4つめから5つめのバスは「レ→ミ」となり、「D和音→I度1転」というバス定型です。属九根省も使えますが「ソラソラ」というソプラノのメロディが微妙なので、「ファ」とすると、属七の根音省略形の「レシファ」が、前後のつながりから見て良さそうです。
このような『属七根省2転からの連結』の場合、例外的な定型の進行をとります。テノールの「レ」は「ソ」に進み、また1転の上三声に第3音「ミ」が登場してしまいますがOKです。(Ⅰ巻 p81)


❷バス《(ミ)→ファ→ファ→ミ》
   機能《 ( T )→ S  →  D  → T》

D和音の直前のS和音はⅡ度を使う方がよいので、Ⅱ度1転を配置すると考えると、ちょうど最適配置が使えました。
7つめから8つめは「ファ→ミ」という属九根省のバス定型なので属九を使います。この課題は短調なので、属九根省は減七の和音となり、配置が自由です。バスに反行させると「シ→ド」というラインが浮かび、それに合わせて内声を密集で埋めました。


❸バス《(ミ)→レ→シ→ド→ファ→ソ→ソ→ド》
   機能《(T) →S→ D→ T→S→ D→ T》

ソプラノを主音(ド)で終わらせたいので、後ろから作ります。「ソ→ソ→ド」という頻出の終止型です。最後から3番めのソが高いので、密集で配置して、規則どおりに配置・連結します(属七からⅠ度への全終止の上三声は5欠となります)。
その前の「ファ」はⅡ度一転の最適配置にしましょう(バッハなどによく登場する古典的な和声進行です)。
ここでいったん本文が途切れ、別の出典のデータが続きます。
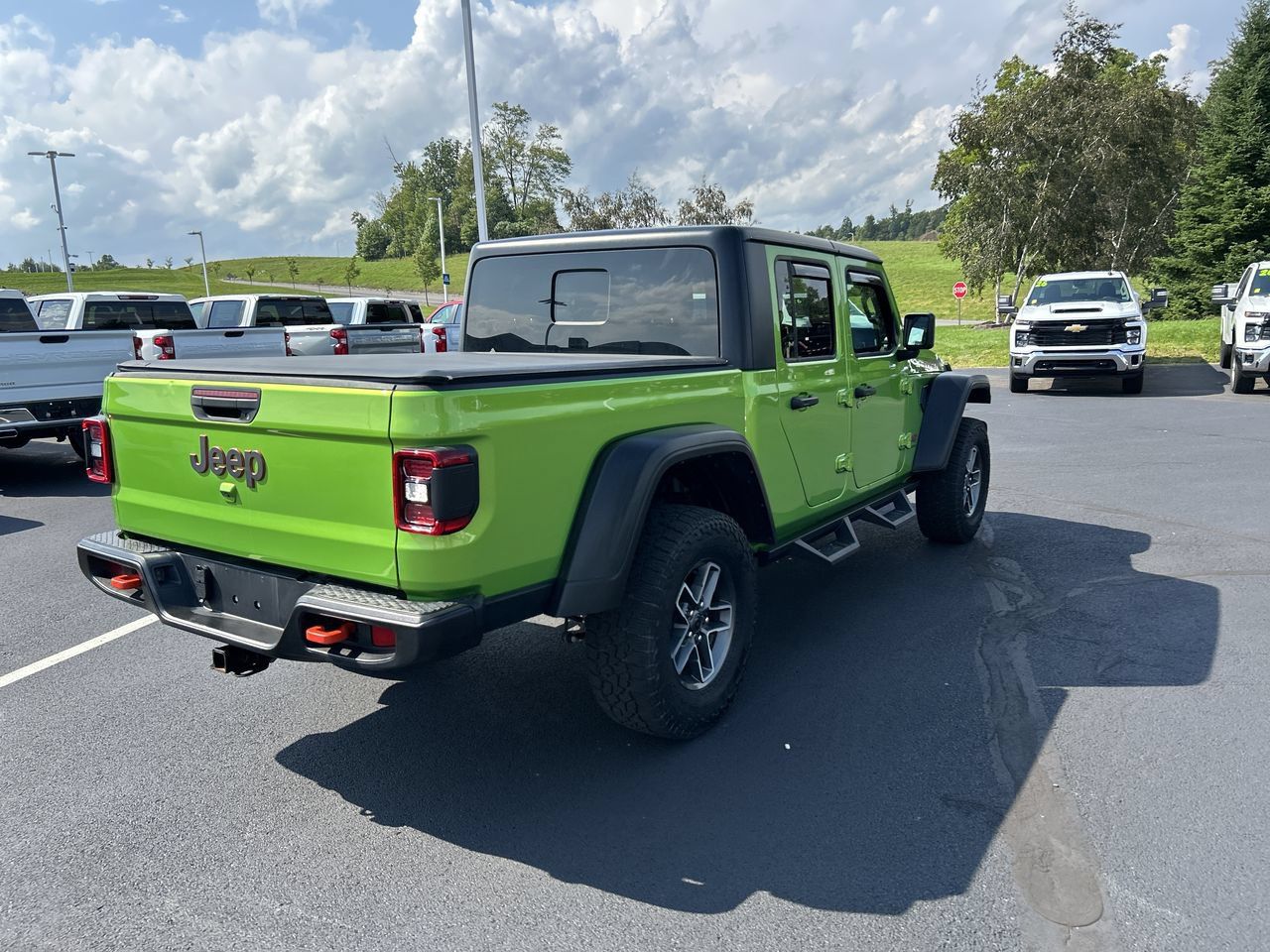 Used 2025 Jeep Gladiator Mojave w/ Convenience Group AWD/4WD image 7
曲の前半部で広く音域を使えたので、後半部はあまり動きがなくても良いでしょう。「レ→シ→ド→ファ」というバスから、「レ→レ→ド→レ」というソプラノが浮かんできました。
前後の流れに合わせて、アルトとテノールを密集で配置します。



☆完成です!


別解答

今回は、前半部分に少し悩んでしまったので、配置が良くなかったかもしれないと思い、別の配置でもスタートさせてみました。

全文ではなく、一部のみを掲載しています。